Exploring the Potential of ChatGPT-like AI in Internal Audit(8)--LangChain
Although this is a highly technical post, I cannot resist sharing my understanding of LangChain's value with the internal audit community. LangChain?is a framework for developing applications powered by language models, it has implemented a lot abstractions for working with language models, in short, very complicated tasks could be implemented in 20+ lines of code with LangChain.
While I have discussed ChatGPT's common applications, such as summarization, translation, and data analytics, which may be useful for internal audit, I believe that most pioneers have realized ChatGPT's capabilities are often limited by token, trained data, and relevance limits. After immersing myself in the coding community, I have identified one of the most convenient coding packages available so far—LangChain.
When I started to write this article, DeepLearningAI published two new short courses LangChain for LLM Application Development and LangChain: Chat with Your Data, which delayed this article's writing. Both courses are highly recommended for anyone interested in this topic, regardless of programming knowledge, as they provide a better understanding of the technology boundary.

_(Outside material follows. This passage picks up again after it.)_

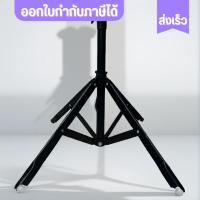 ราคา ออกใบกำกับภาษีได้ ขาตั้งร่มพับได้ เหล็กสีดำล้วนสวยงาม ขาตั้งร่มสนาม ขาร่มสนาม ขาพับได้ ขาร่ม4แฉก พับเก็บง่าย เคลื่อนย้ายสะดวก เหมาะสำหรับเป็นฐานร่มต่างๆ ใช้ได้ (13184142935)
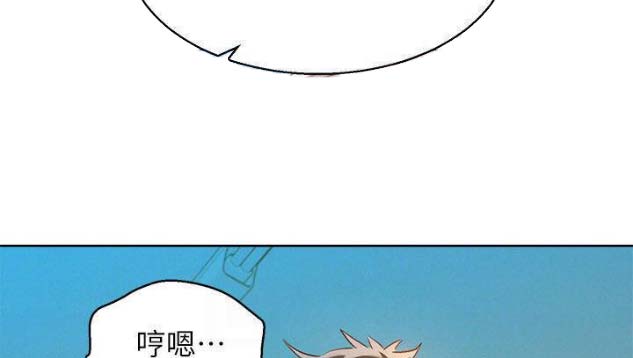 第150话30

LangChain fascinates me primarily in three areas:
I will use summarization as an example. The basic idea is to split your long text into multiple pieces, which will then be fed to LLMs for further processing. The tricky part involves not only choosing the right length of each piece, but also determining how much overlap to use and how to pass each piece to LLMs. However, LangChain has packaged all these details as parameters at your disposal and provided at least three ways to exceed the intrinsic token limit of LLMs.
(1) Map Reduce
Split the long text into smaller, equal-sized chunks and pass them to LLMs for summary. Use LLMs to summarize all chunk-summaries to get the final summary.
(2) Refine
The splitting process remains the same, but the final summary is generated using the previous summary and the data from the next chunk.
(3) Map_rerank
领英推荐
After splitting a task into chunks, an initial prompt is run on each chunk. The prompt not only attempts to complete the task, but also provides a score indicating its confidence in the answer. The response with the highest score is returned.
While some ChatGPT plugins and some GPT-API based applications have implemented this functionality, primarily for PDF files, LangChain supports a much wider range of data types and provides better data privacy.
To implement this functionality, LangChain offers a complete solution that includes document loading, splitting, vector database and retrieval(using the same technology that search engines use). Only relevant chunks of data are passed to LLMs as context for specific tasks.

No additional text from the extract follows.